┌────────
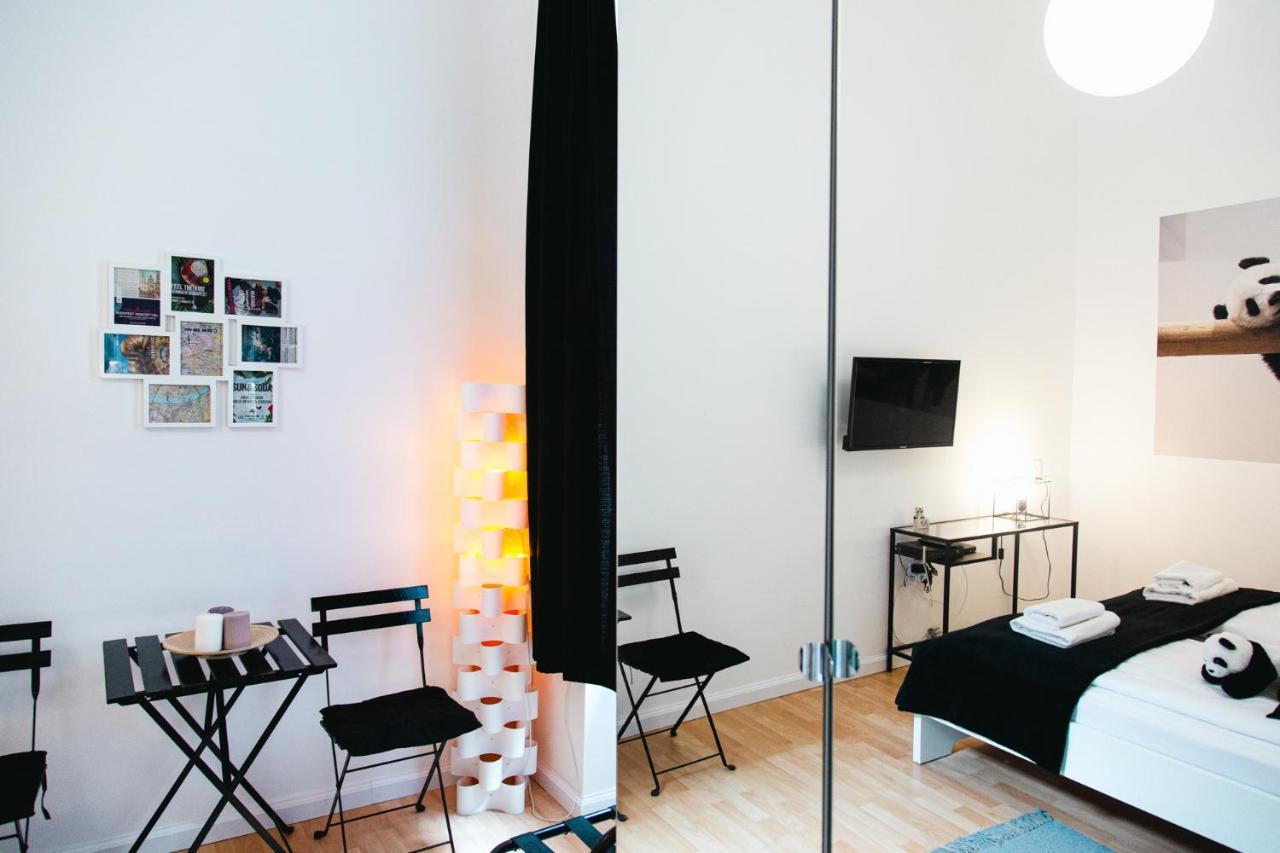 Black & White Apartment With A Gift Soft Panda Budapest Exterior foto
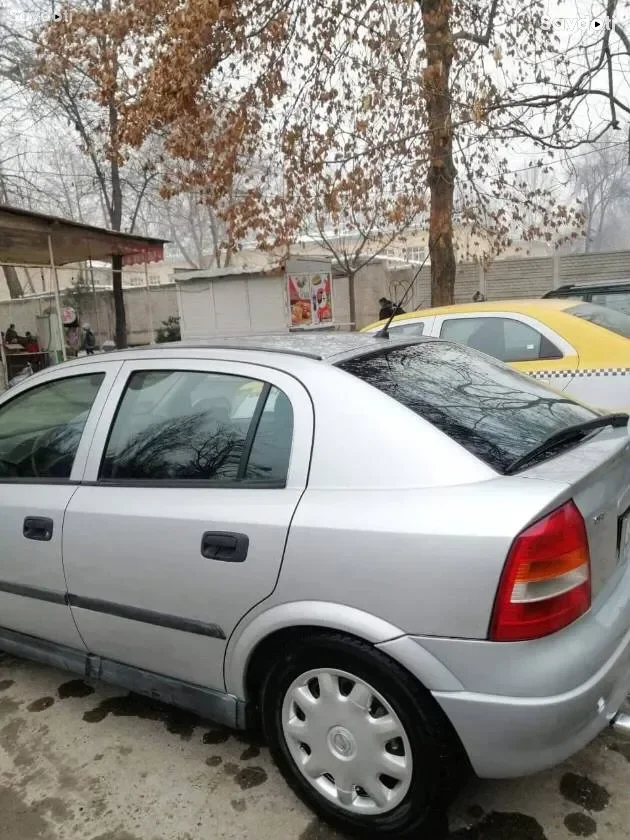 Opel Astra j 1998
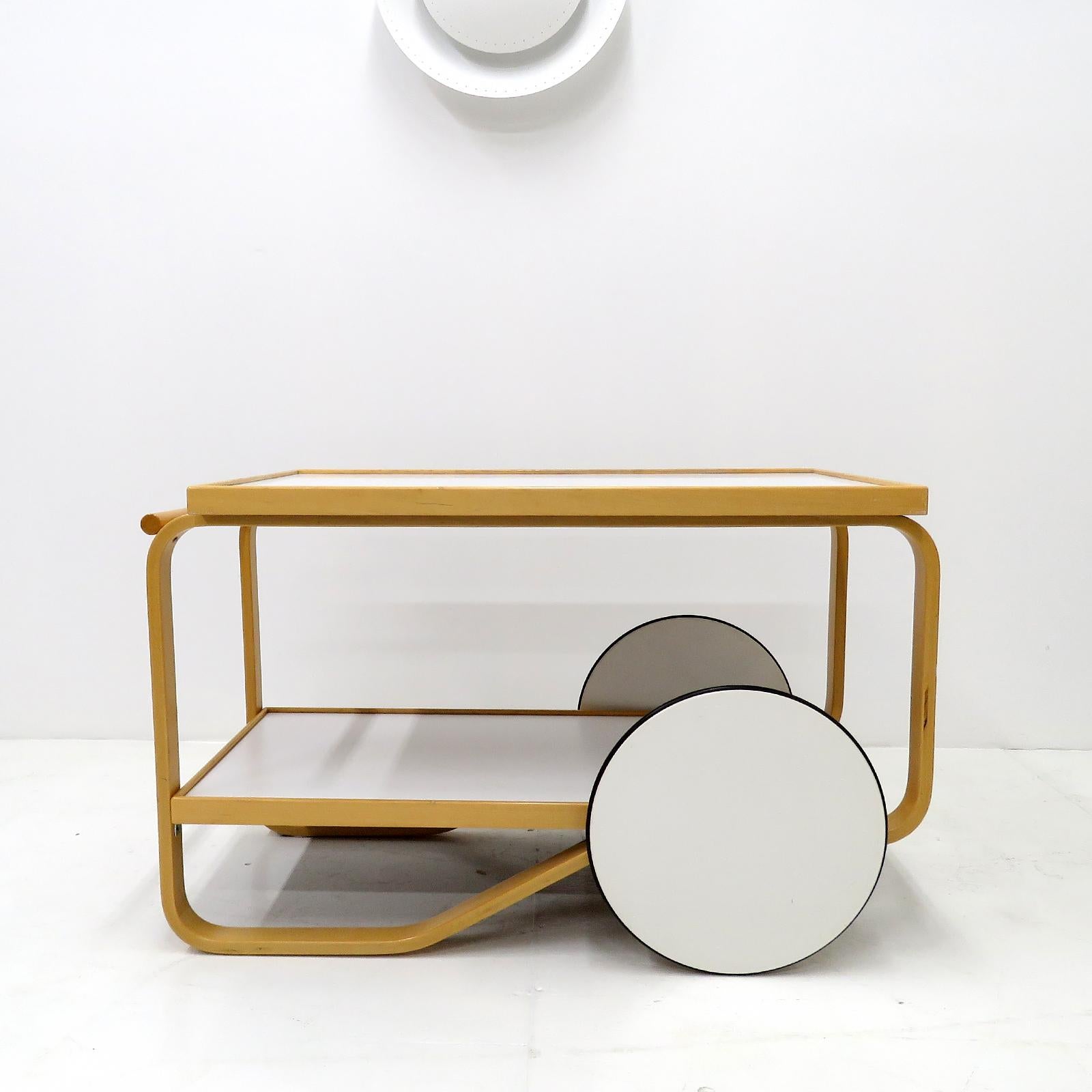 Laminated Alvar Aalto Model 901 Tea Trolley, 1950s For Sale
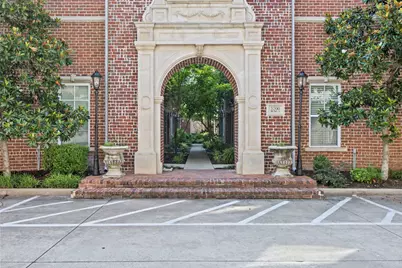 3200 Ross Avenue #22, Dallas, TX 75204 - Photo 1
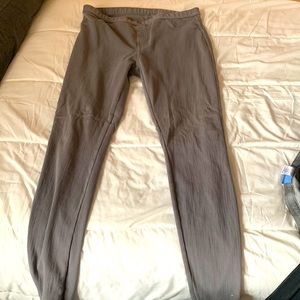 Simply Vera Vera Wang large grey leggings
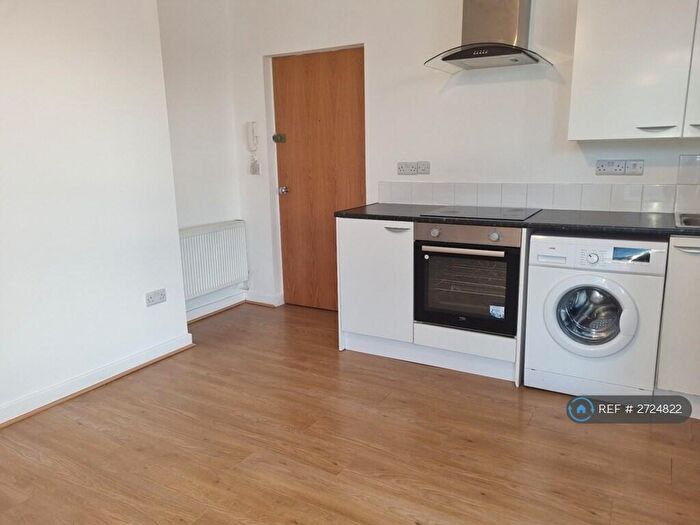 1 Bedroom Detached House To Rent In Windermere Road, Bournemouth, BH3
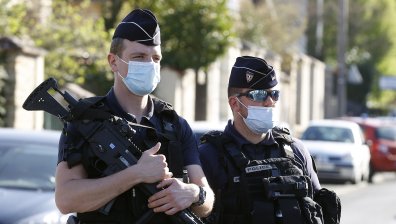 Разбиха масово парти във Франция, полицаи са ранени, 22-годишен остана без ръка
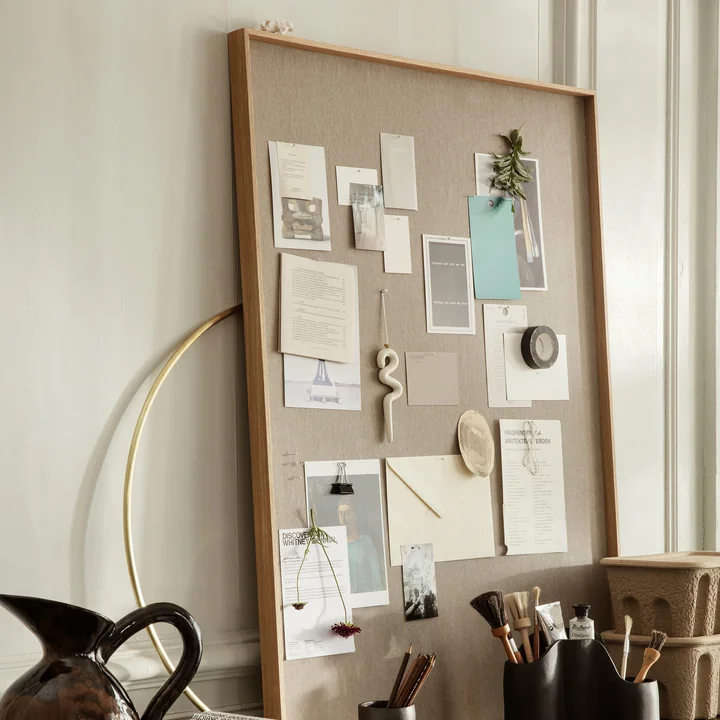 Scenery Prikbord van Ferm Living in de uitvoering eiken natuur / beige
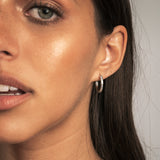 ARGOLLAS LISAS CIRCONES BAÑADAS EN ORO BLANCO 18MM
└────────
§ **Task brief**
Reproduce every record above exactly, but leave out the pictures.

§ **Answer box**
 Black & White Apartment With A Gift Soft Panda Budapest Exterior foto
 Opel Astra j 1998
 Laminated Alvar Aalto Model 901 Tea Trolley, 1950s For Sale
 3200 Ross Avenue #22, Dallas, TX 75204 - Photo 1
 Simply Vera Vera Wang large grey leggings
 1 Bedroom Detached House To Rent In Windermere Road, Bournemouth, BH3
 Разбиха масово парти във Франция, полицаи са ранени, 22-годишен остана без ръка
 Scenery Prikbord van Ferm Living in de uitvoering eiken natuur / beige
 ARGOLLAS LISAS CIRCONES BAÑADAS EN ORO BLANCO 18MM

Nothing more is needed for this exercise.